You will often read about the ‘late payment culture’ where many businesses only start to think about your invoice when it becomes due for payment. By definition, this culture means that your invoice is overdue, or late, before even being considered for payment.
Adopting a late payment culture demands its perpetrator be skilled in the art of deception: They must be ready with their excuses for non-payment and the more plausible the better.
We encounter late payment reasons every single day, so we have looked at the most common excuses, and how you might overcome them to get your invoice paid.
Invoice, what invoice?
Ridiculous as this may seem, it is a typical deflection for delaying payment; thankfully, it is easy to overcome.
You can ask for their email address, resend the unpaid invoice immediately, and confirm receipt: Reiterate your payment terms and late payment penalties that apply. Then re-commence negotiation.
You are on our next payment run/ we have already paid
For ‘next payment run’ feedback, you should note all the details like the date, amount, and payment method, also confirming your intent to call back if payment does not follow, as promised. Politely reiterate your payment terms and request that in future your invoices need moving to an earlier payment run, or you will be obliged to charge late payment penalties.
For ‘we have already paid’ comments, seek proof, any accounting system worth its salt will track and record payment, remittance advice being one example. If they have paid, they have the incentive to prove it. If they have not already paid, your questioning will quickly reveal this truth.
We have a problem with your goods/ services/ invoice
Here, it is vital to record their feedback, starting with details of their concern. If you can give immediate feedback, do so. If you need to investigate their concerns, commit to getting back to them at a given date or time. Gain their commitment to making payment once you have addressed their concerns.
Should the invoice be troubling them, you need to understand why. If they are disputing the invoice, ask for specific reasons, and always ask for immediate payment of the undisputed amounts while you investigate their dispute.
If you provide a service, you may hear excuses like ‘we have yet to introduce your recommendations.’ Here you must rely on your terms and conditions to push back their misunderstanding, asserting that delivery means you have completed your contractual obligation, and they must pay your invoice.
We have cash flow problems
Surprisingly, this is positive feedback. They are not disputing your invoice, they have a shortage of funds right now, and this leaves immediate scope for negotiation. First, ask when they can pay in full; you may find they can pay sooner than you thought. If things look like taking longer than expected, and you feel they cannot pay in full, seek a shortfall payment right now to prove goodwill and push for the balance on a short-term instalment plan.
The classic reason given for reduced cash flow is non-payment by one of the key customers in their supply chain, so they adopt the ‘pay when paid’ stance, and this again validates using your terms and conditions of trade to expedite payment to you. If they are paying some suppliers and not others, you need to improve your odds, with instalments again providing some rather than none, of what you are due. Confirm that you will add late payment charges.

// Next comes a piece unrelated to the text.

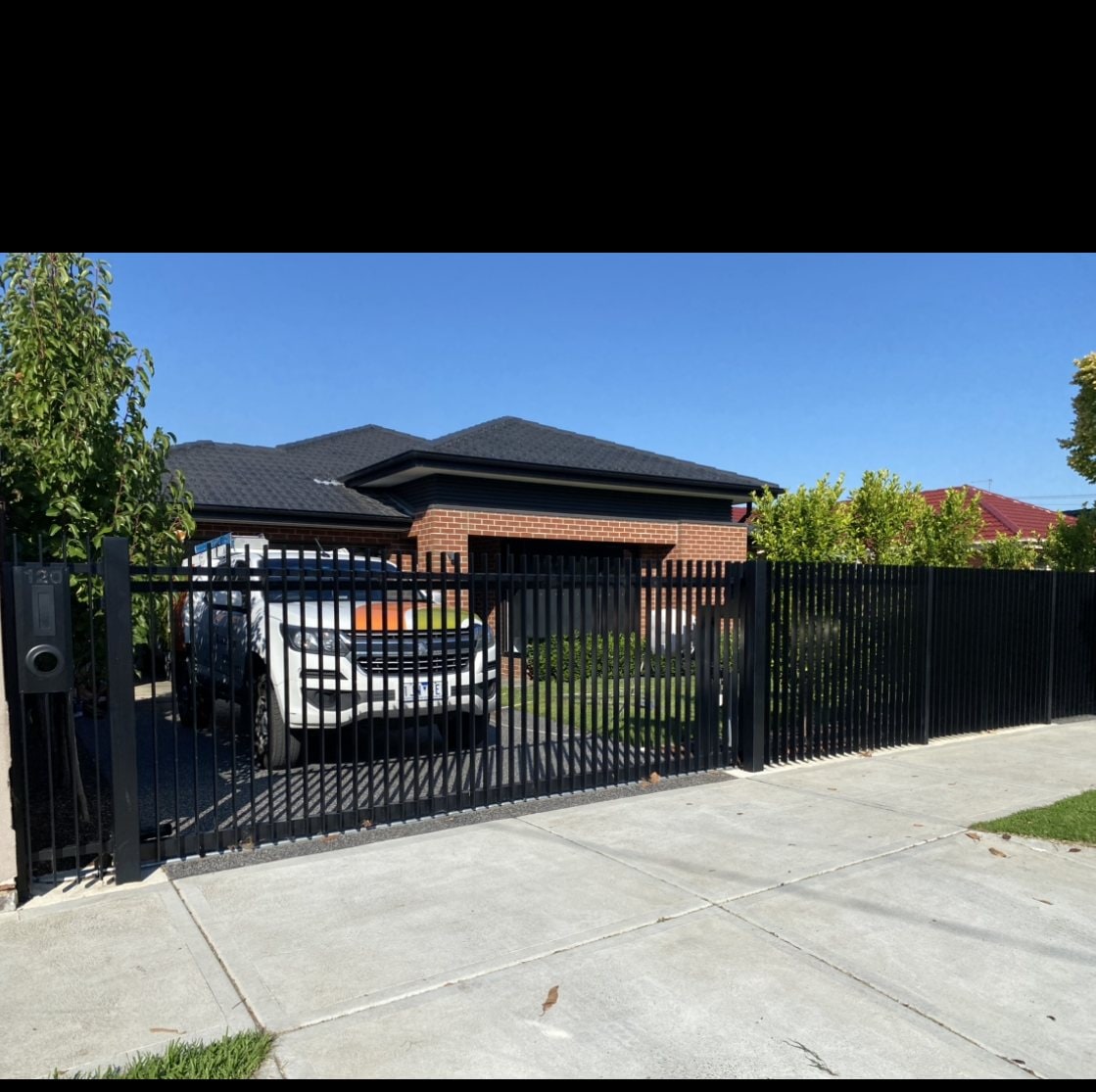 Black palisade fence and automated driveway gate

I cannot get the invoice authorised for payment
Do not presume you understand what this means, or guess it means a director is unavailable to approve your invoice. Instead, ask why, and let them take the strain. If the absence of a director is their response, ask where the director is, and why they cannot authorise by telephone, or electronically.
If your questioning leads nowhere, ask to speak to their most senior officer present, preferably the company secretary who has executive responsibilities. Either this persistence will lead your contact to yield, or you have escalated the problem and increased the chances of payment.